By Olga Moraga A. Although she’s 18 years old, age is no obstacle to her when it comes to starting to study again and Maura Torres (a fictitious name to protect her identity) is currently in sixth grade at primary school in the city of Bluefields. With a reflective gaze and a slow and deliberate way of talking, she is quite aware of the consequences of having taken matters into her own hands.
“I was imprisoned for seven months in the Bluefields jail,” explains Maura. “The reason? For defending myself from being sexually harassed by a man who followed me around for months and tried to rape me one day because I wouldn’t pay him any attention… that’s why I say that I’m serving my sentence due to the behaviour of a macho.” As she speaks, her eyes turn red and she stops herself crying by breathing deeply, before continuing with the conversation.
Maura is one of the 35 adolescents participating in a three-day workshop on gender equity and violence prevention given by the Juvenile Penal System’s Technical Follow-Up Office (OTSSPA), the Bluefields Juvenile Penal Court and the National Police’s Juvenile Affairs Directorate, with technical and financial support from the United Nations Children’s Fund (UNICEF).
What she remembers about her experience in jail is that she shared a cell with 20 women aged between 23 and 54. “I was the only minor there and almost all of them were in prison for drug offenses,” Maura recalls with great sadness etched across her face.

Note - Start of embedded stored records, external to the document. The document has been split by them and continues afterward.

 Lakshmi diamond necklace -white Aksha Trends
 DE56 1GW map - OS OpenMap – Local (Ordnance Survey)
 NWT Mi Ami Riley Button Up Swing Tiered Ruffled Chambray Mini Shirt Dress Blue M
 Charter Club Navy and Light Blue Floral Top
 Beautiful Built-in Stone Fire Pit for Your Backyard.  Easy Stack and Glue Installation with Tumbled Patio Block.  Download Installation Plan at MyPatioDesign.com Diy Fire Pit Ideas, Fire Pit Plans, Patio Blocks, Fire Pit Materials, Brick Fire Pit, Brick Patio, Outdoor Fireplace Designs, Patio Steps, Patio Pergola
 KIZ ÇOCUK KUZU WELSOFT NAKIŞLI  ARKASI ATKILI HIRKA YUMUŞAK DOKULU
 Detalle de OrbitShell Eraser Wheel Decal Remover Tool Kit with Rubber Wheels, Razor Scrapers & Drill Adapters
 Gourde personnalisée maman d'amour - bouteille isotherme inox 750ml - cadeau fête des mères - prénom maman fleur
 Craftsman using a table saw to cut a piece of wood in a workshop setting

“This workshop has helped me a lot to understand the macho attitude most men have and to demand respect because we all have the same rights,” she states firmly.
Continuing to share her experience, Maura reflects on how “with the support of the psychologist and sociologist from the Bluefields Juvenile Penal Court, I can now see a positive side of even this bitter experience. I value the beautiful family I’ve got more now. I try to be a better person and choose my friends better.”

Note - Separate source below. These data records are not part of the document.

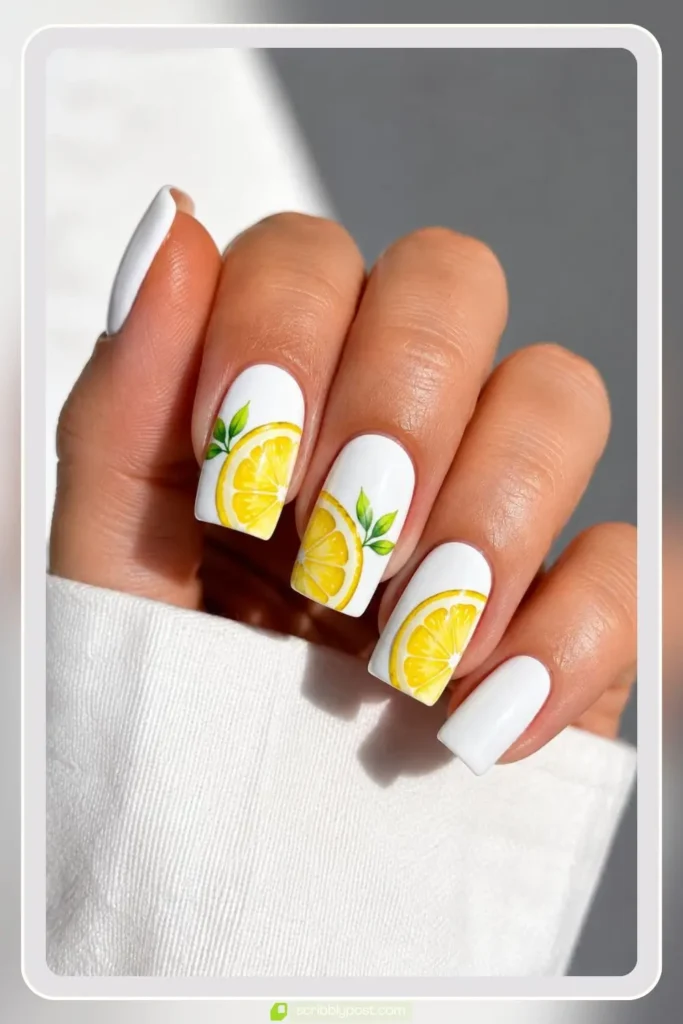 Lemon Slice Nails on White Base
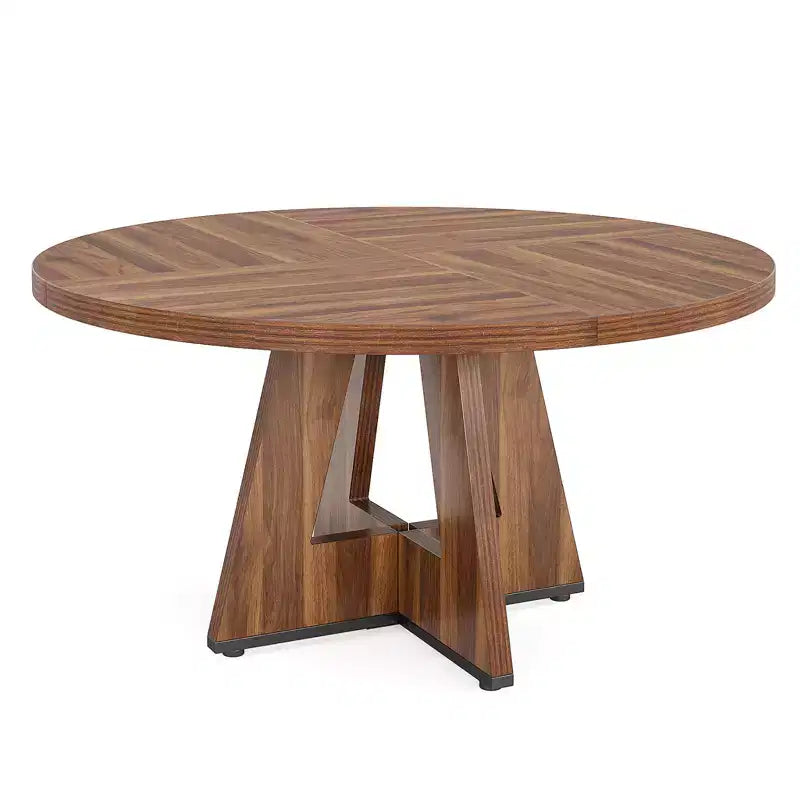 Table à manger ronde de 119 cm de style rustique, 4 places, avec plateau en MDF et cadre en métal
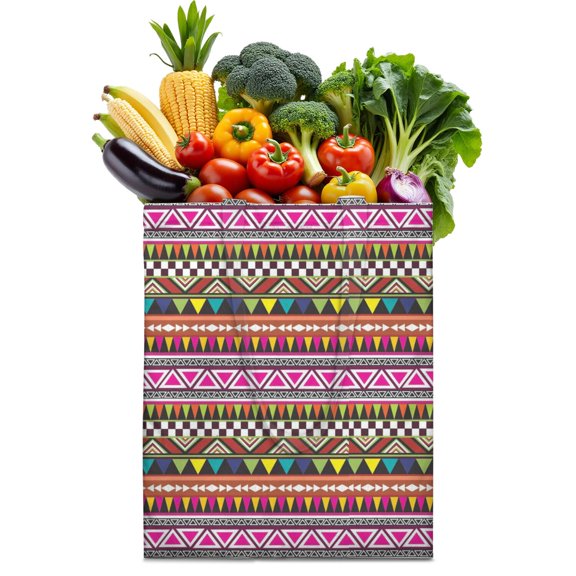 Rustic Style Nordic Stripes Fabric Washable Foldable Grocery Tote - Machine Washable Eco-Friendly Shopping Bag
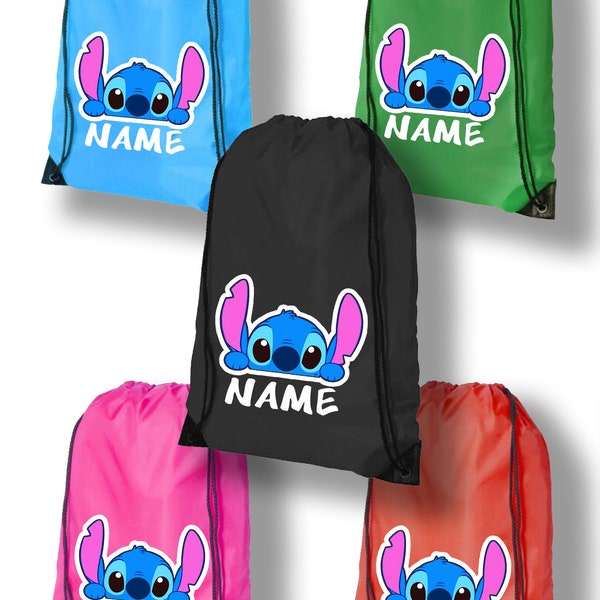 Personalised Name Stitch Drawstring Backpack Ohana Custom School Club PE College Sports GYM Adult Bag Kids Backpack Football Bag BP7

As a result of her good behaviour in prison, Maura will complete the rest of her sentence in her own home, on the condition that she does not leave the city.

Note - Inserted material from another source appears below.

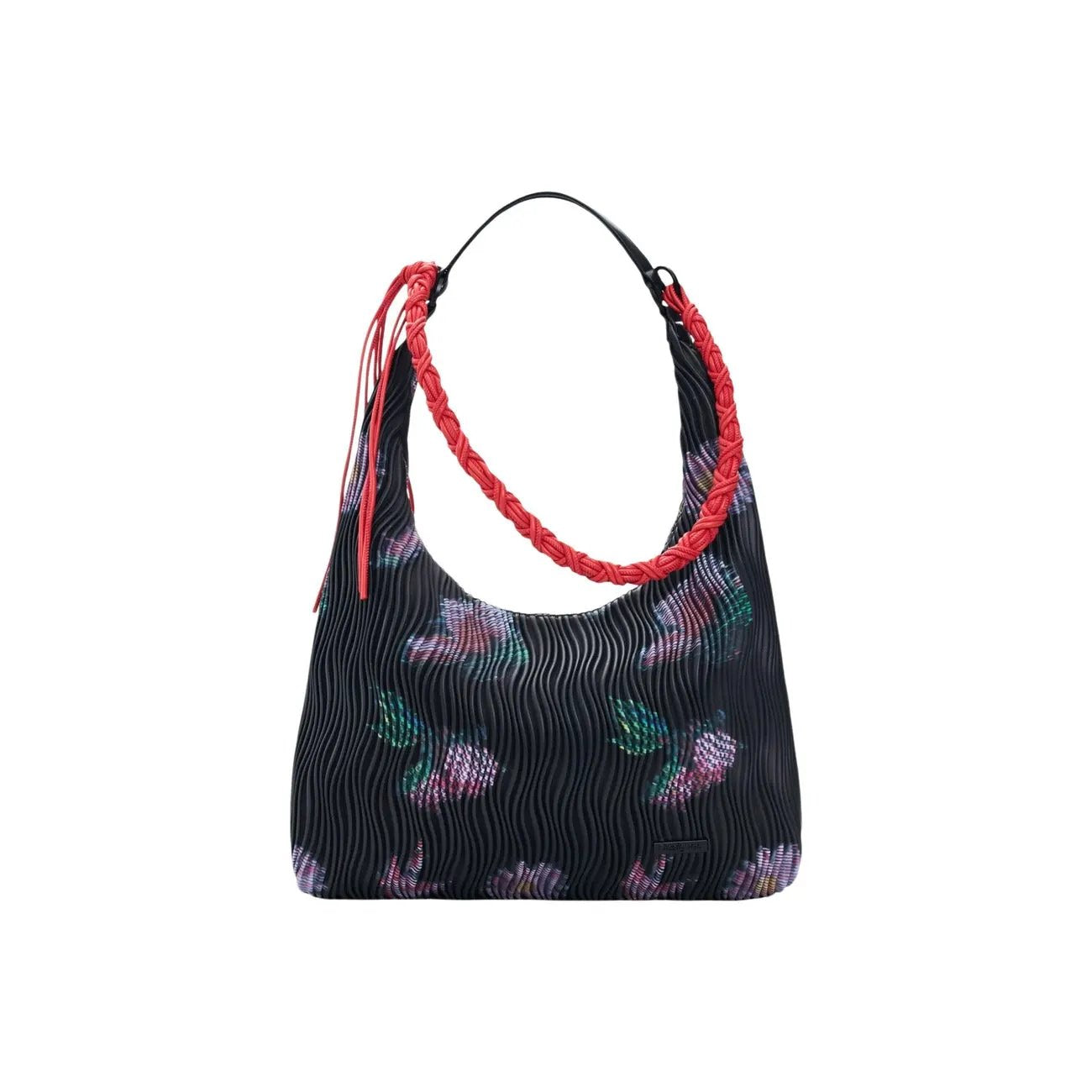 Desigual Women Black Floral Pleated Shoulder Bag With Red Braided Strap by Desigual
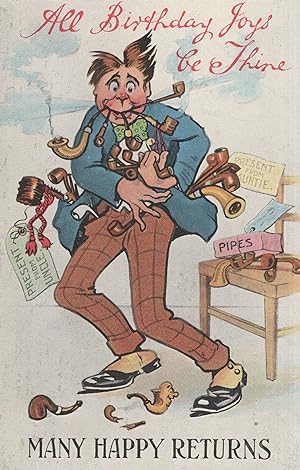 Compulsive Antique Smoking Pipe Collector Hoarder Old Greetings Postcard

Due to her age, she is following a special study plan, but is not thinking of giving up on her studies until she achieves her dream of being an agroforestry engineer.
Nicaragua’s Caribbean Coast region is being affected by violence, with some particular characteristics rooted in the area’s multiethnicity and its geographical position, which contributes to the movement of drugs and their consumption in the region, which increases the occurrence of crimes. According to data from the National Police Year Book for 2014, the Southern Caribbean Coast Autonomous Region has the highest sexual crime rate in the country, at 116 for every 100,000 people, compared to a national average of 57 per 100,000 people.